AA Bronson at his opening in Rotterdam. (photo courtesy Matthias Herrmann)
But Bronson needs open minded supporters. Offered the show at Witte de With, he claims to have warned it would not be a “normal exhibition.” Along with those archive pieces, solo work and collaborations, there are many on display he admits are friends.
In fact, the space we spoke in was hung with a series of the obscene tantric drawings which Bronson worked on in the 1980s along with his cohorts in the artist group General Idea. Like many who populate this show, two of the former members of this triumvirate (Jorge Zontal and Felix Partz) have sadly passed on. But perhaps they were manifest. Bronson is, it should be said, fresh from a midnight séance.
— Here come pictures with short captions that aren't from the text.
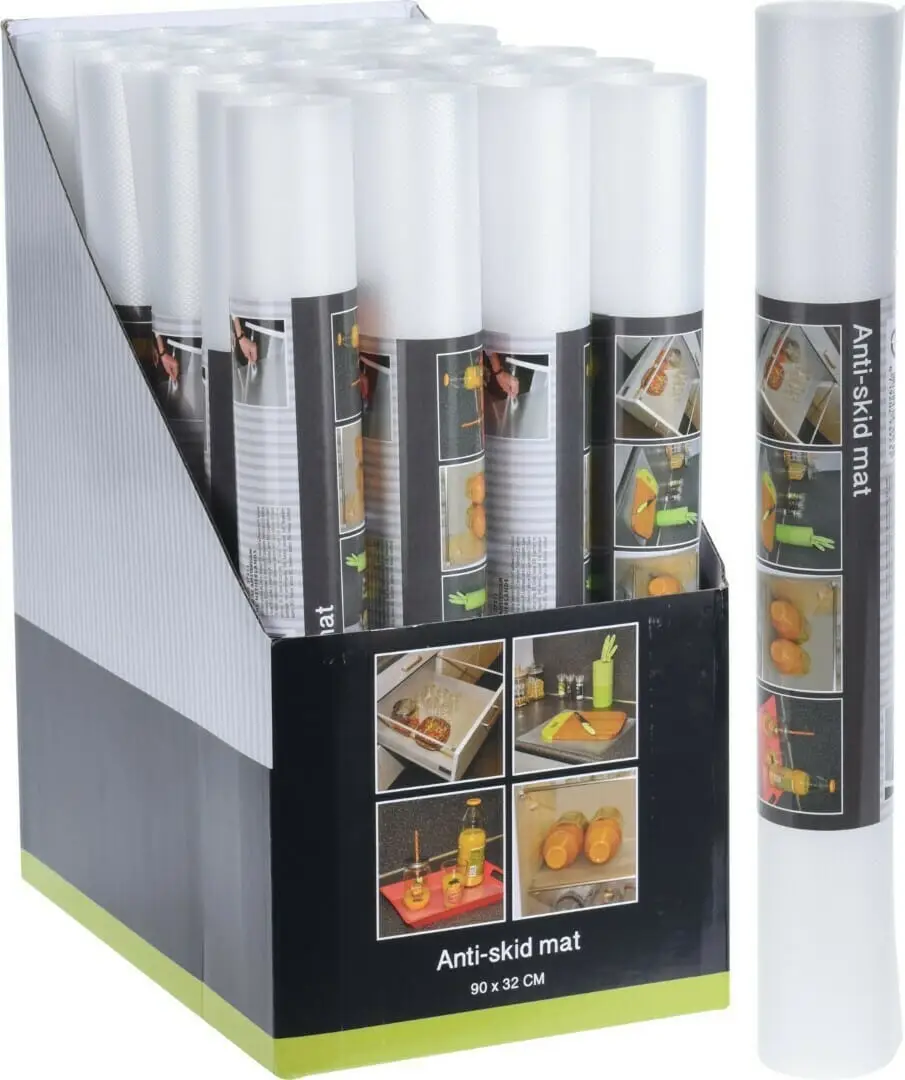 Skriðmotta f/skápa/skúffur 90x32cm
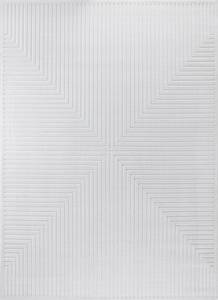 Tapis ROCKFORD Blanc - 120 x 170 cm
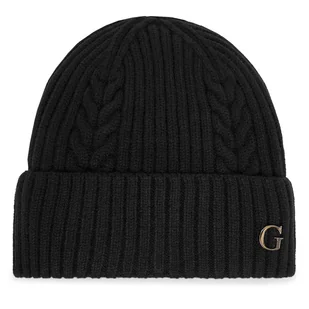 Czapka Guess AW5381 POL01 Czarny - Czapki damskie - miniaturka - grafika 1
With another dry chuckle, he talks about his curatorial approach, thus: “All you have to do is be completely irresponsible. I don’t try to keep critical distance. I try to do the opposite: immerse myself in it and also have it represent my life and my relationships in some way, and that’s actually easier to do than critical distance. I think of it as a feminist show.”
It soon emerges the artist has an aversion to critical, patriarchal even rational mindsets, as demonstrated by his support of Union Theological Seminary, the only feminist school of theology in the US. “The president is a woman. The dean is a woman. More than half the professors are women and more than half the students are women,” he tells me.
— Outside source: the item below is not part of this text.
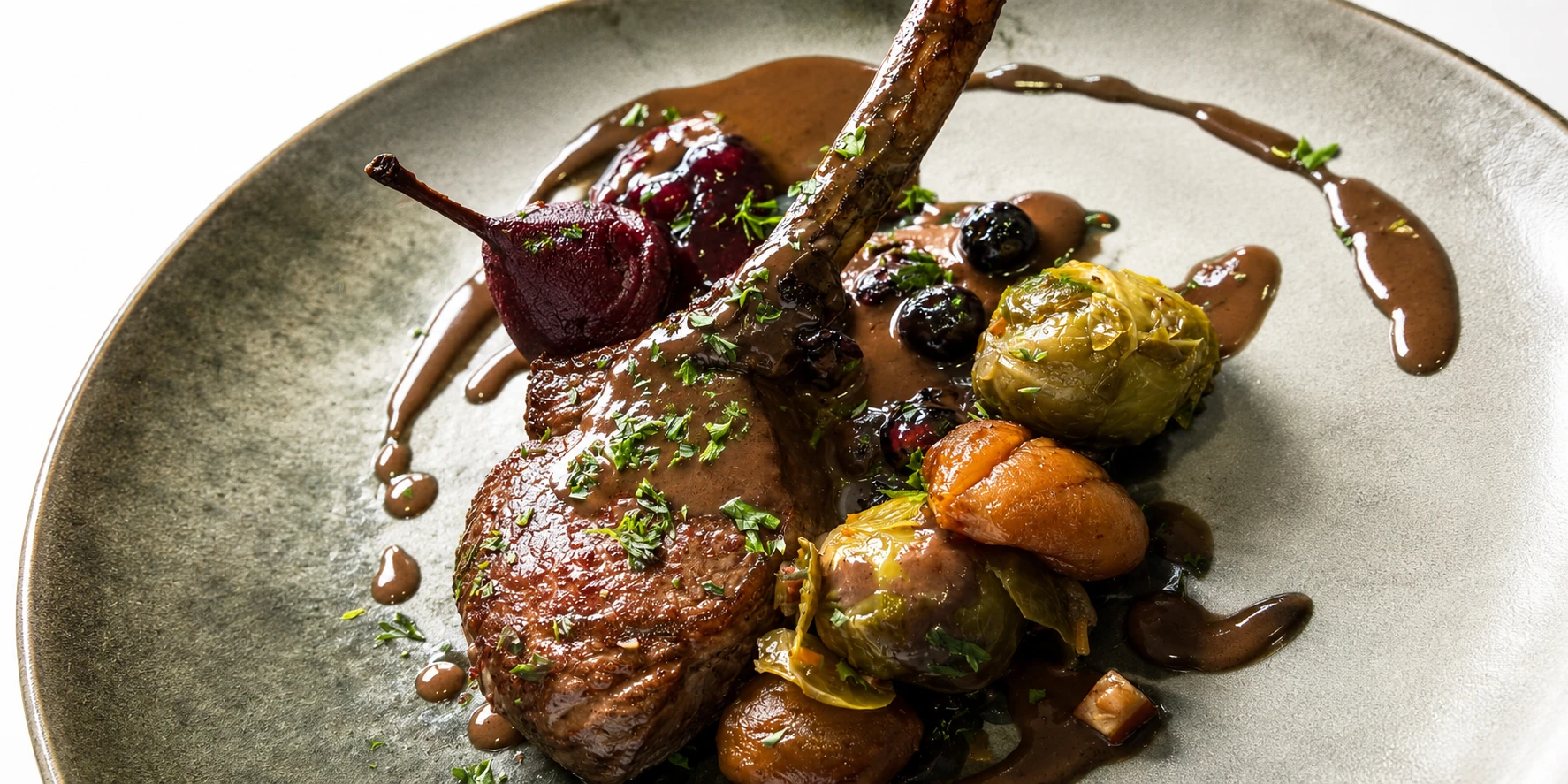 La Table — menu chasse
Archival queer zines, Gay Skinhead Movement (image by the author for Hyperallergic)
In recent years, Bronson himself has enrolled there to learn about Christianity. Already an initiate into tantric practices and well-versed in pagan beliefs, it was perhaps ironic that this artist from a family of Anglican priests should leave it so late.
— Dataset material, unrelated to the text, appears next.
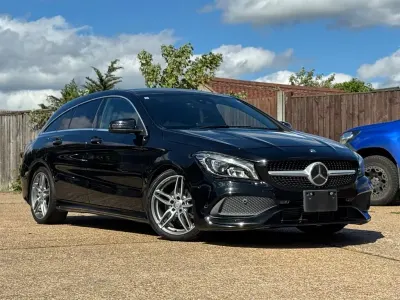 Used Mercedes CLA180 2017 Black Coupe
Such interests may even be traced back to an English great-grandfather who crossed the ocean with a mission to convert Blackfoot Indians. This ancestor might be looking down with a mixture of approval and bemusement, given that Bronson now directs the Institute for Art, Religion, and Social Justice.
“I realized that the relationship between the approach to social justice in the art world and in the theological world, especially at Union, was rather similar,” he says.
Taking funding advice from the Warhol Foundation, the enterprising artist has since set up a lecture program which has exposed theology students to the likes of Alfredo Jaar, Paul Chan, and Marina Abramović. Indeed, he took groups of students to Abramović’s show at the Museum of Modern Art, and several revisited time and time again.
“There’s now quite a strong interface between contemporary art and this Christian religious group,” he says, while adding that in the US it is usually “totally verboten that any artist would have anything to do with Christianity. Tibetan Buddhism: fine, but not Christianity”.
But then when asked if, despite much lurid evidence to the contrary, The Temptation of AA Bronson might be a Christian show, the artist says not: “I think I’ve been now long enough with a seminary to say confidently that I’m not a Christian.”

Marina Abramovic, “Transitory Objects – Beds for Human and Spirit Use” (2012) (image by the author for Hyperallergic)
There is after all the small matter of that midnight séance. So the conversation returns to performance art and the recent collaboration of his friend Abramović with a rapper worth $500 million.
“Obviously Marina did that by turning to the world of celebrity and entertainment and in a way incorporating herself into that world and maybe that’s what’s going to happen, I don’t know,” he says.
“She’s raised a lot of money for her school [the Marina Abramovic Institute] and she knows how to do that,” he adds. “I need to wait five or ten years before I make any judgments.”
But he does describe this as an “interesting moment”: the resurgence of performance art “when it seemed like nothing could happen which wasn’t about buying and selling.” It has indeed re-emerged again today in Rotterdam, where nothing is for sale.
One thing looks sure, AA Bronson is tempted by neither ready cash nor platinum-selling hip hop stars. As for fame? He has plenty for a would-be religious hermit, and more good friends than his temptations might suggest.
The Temptation of AA Bronson, for which Hyperallergic is the media sponsor, can be seen at Witte de With (Witte de Withstraat 50, Rotterdam) through January 5, 2014.